Промывание мозгов [7.07.1999 (234)] — НОВАЯ ЖИЗНЬ

alopuhin

Промывание мозгов

Утварь, вышедшая из обихода, — прялка, скалка, чугунок, ухват и т.д.; кости ископаемых животных — бивни мамонта, клыки саблезубого тигра, узколобый череп австралопитека и т.д.; неказистые орудия древнего человека — палка-копалка, каменный наконечник копья,  каменный топор и т.д.; артефакты былых войн, революций и прочих свершений, побуревшие фотографии каких-то подпольщиков, героев, передовиков, почётных жителей прежних государств, городов и прочих былых властителей былых дум…

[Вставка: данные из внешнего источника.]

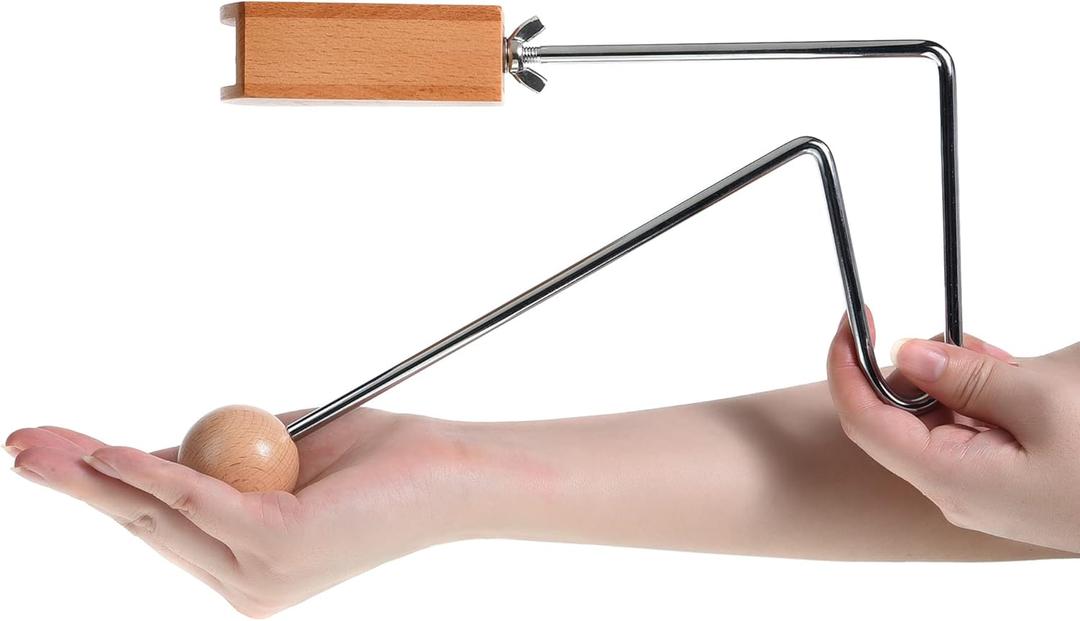 Vibra-Slap Percussion Instrument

Унылый музейный хлам, трухлявый тотем, которому трепетно поклоняются обиженные жизнью и обуреваемые ретроспективными фантазиями краеведы, историки и ностальгирующие старухи…

Наши земные церкви зачастую представляют собой нынче подобные музейно-кладбищенские мемориалы…

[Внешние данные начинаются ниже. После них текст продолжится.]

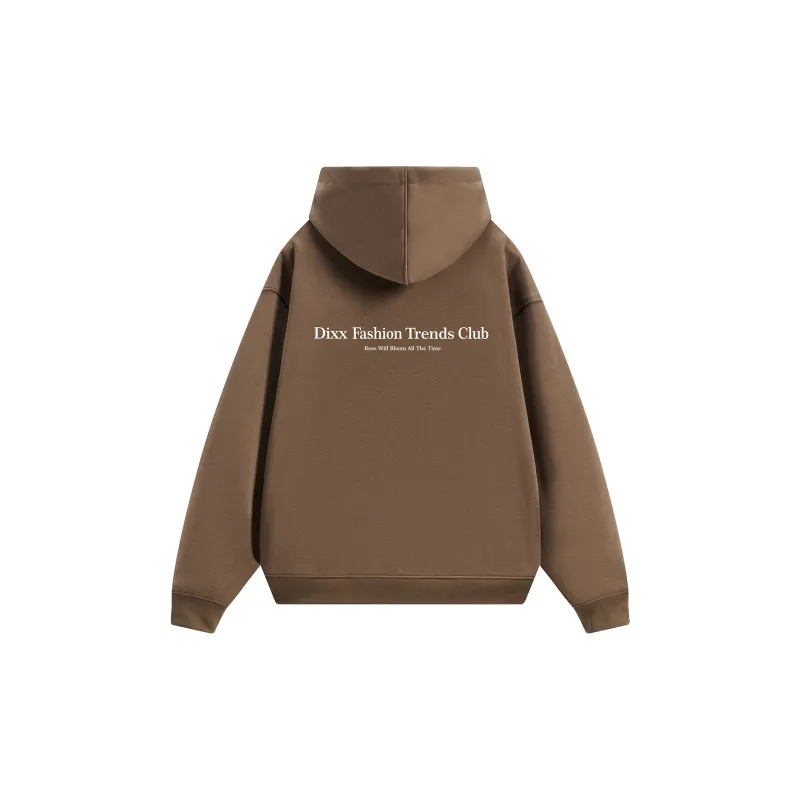 DIXX Sweatshirts Unisex-12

Однако в особом почёте у народа российского (и не токмо российского) сегодня совсем другая церковь, из гипнотических проповедей которой он жадно поглощает плоские образчики цивильно-буржуазного самодовольства и социально-политического кликушества: церковь сия — TV. Посредством этого инструмента манипулирования мозгами, доступного даже самым неимущим (властям очень важно, чтоб он был доступен всем), народ незаметно превращается в однородное тупое стадо, каждая особь которого, почти уже не имея за душой ничего своего, самобытного и особенного, наделена одними и теми же, стандартными идеями, стандартными желаниями, стандартной памятью, стереотипными и слишком предсказуемыми представлениями.